* **Description of the task**
Reproduce the full listing without a single change.

* **Provided data**
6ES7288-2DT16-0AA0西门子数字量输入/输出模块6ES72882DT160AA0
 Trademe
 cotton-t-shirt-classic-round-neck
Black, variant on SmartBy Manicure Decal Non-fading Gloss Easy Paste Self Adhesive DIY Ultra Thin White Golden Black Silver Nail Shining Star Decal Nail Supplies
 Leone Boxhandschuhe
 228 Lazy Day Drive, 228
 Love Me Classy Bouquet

* **Solution below**
6ES7288-2DT16-0AA0西门子数字量输入/输出模块6ES72882DT160AA0
 Trademe
 cotton-t-shirt-classic-round-neck
Black, variant on SmartBy Manicure Decal Non-fading Gloss Easy Paste Self Adhesive DIY Ultra Thin White Golden Black Silver Nail Shining Star Decal Nail Supplies
 Leone Boxhandschuhe
 228 Lazy Day Drive, 228
 Love Me Classy Bouquet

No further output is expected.